Muslim personal law board to review Supreme Court’s triple talaq judgment
The NGO’s working committee remained undecided on whether to challenge the verdict, fearing that it may bring other practices under scrutiny.
NGO All India Muslim Personal Law Board’s working committee on Sunday decided to constitute a panel to examine the Supreme Court’s verdict banning the triple talaq practice and check for any “inconsistency, if any, with Shariat”, the Hindustan Times reported. The committee to be set up will advise the board on ways to “undertake a large-scale community reform programme within the Islamic Sharia [Islah-e-Mashrah]“.
The organisation, however, continued to hold that the Centre’s stand on the Islamic divorce practice “is contrary to the protection guaranteed by the Constitution of India”. “The government had laid bare its intention...that all forms of dissolution of marriage without intervention of the court should be declared as unconstitutional,” it said. “We record our displeasure and consider it as attack on personal law of Muslims.”

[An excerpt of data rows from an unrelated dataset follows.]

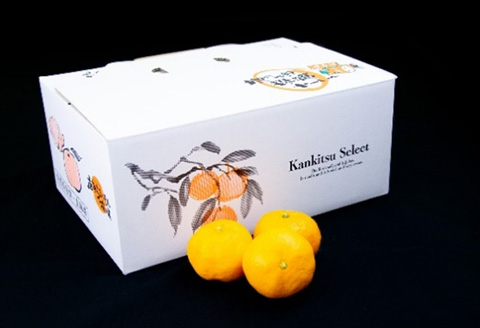 『先行予約』【11月上旬発送予定】唐津産 温州みかん 5kg バラ ハウスみかん ミカン 果物 フルーツ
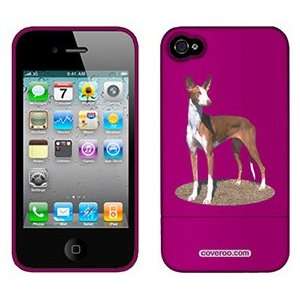  Ibizan Hound on AT&T iPhone 4 Case by Coveroo  Players 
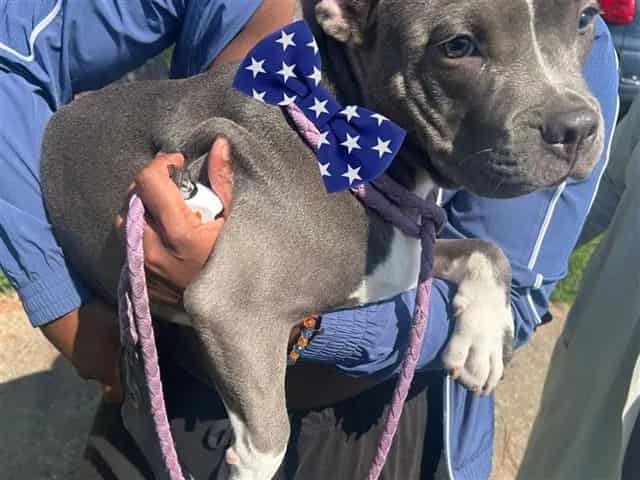 Photo of Senior American Pit Bull Terrier, adoptable American Pit Bull Terrier in Houston, Texas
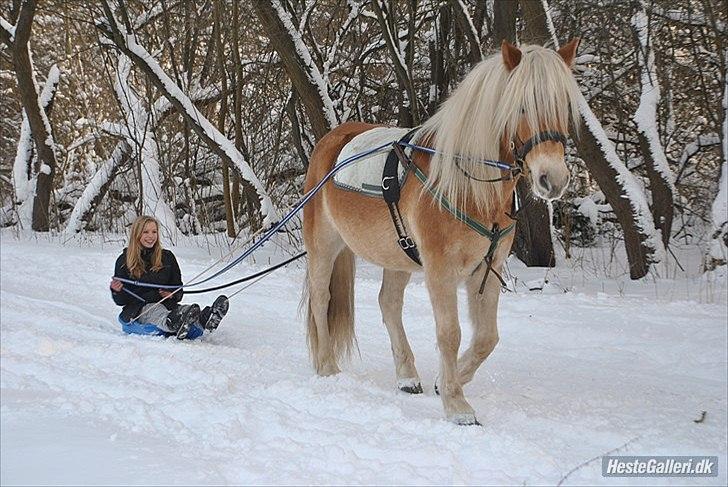 Haflinger Lukas - Smukke-hesten spændt for kælk :D Her i skridt :) *Foto: Katrine* billede 9
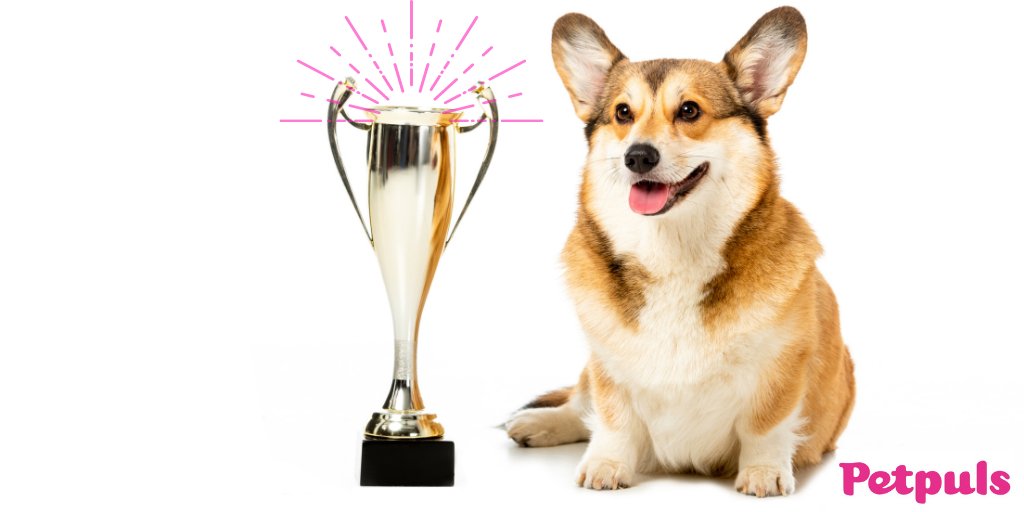 petpuls's tweet photo. Petpuls was recently recognized as “Connected Pet Care Solution of the Year” by IoT Breakthrough Award! Check us out on the 2021 winners page under Consumer IoT 🏆 https://t.co/bFYMJU0KZm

On August 22, the top court struck down triple talaq, calling the practice unconstitutional and in violation of Article 14 of the Indian Constitution, which provides for equality before the law. Triple talaq is an Islamic practice by which Muslim men are allowed to instantly divorce their wives by simply pronouncing “talaq”, meaning divorce, three times.
Moreover, the meeting of the law board’s highest decision-making body in Bhopal, Madhya Pradesh, remained undecided on whether they will challenge the Supreme Court’s verdict banning triple talaq. Some believe that a review petition would bring other Islamic practices, such as polygamy, under scrutiny, according to The Indian Express.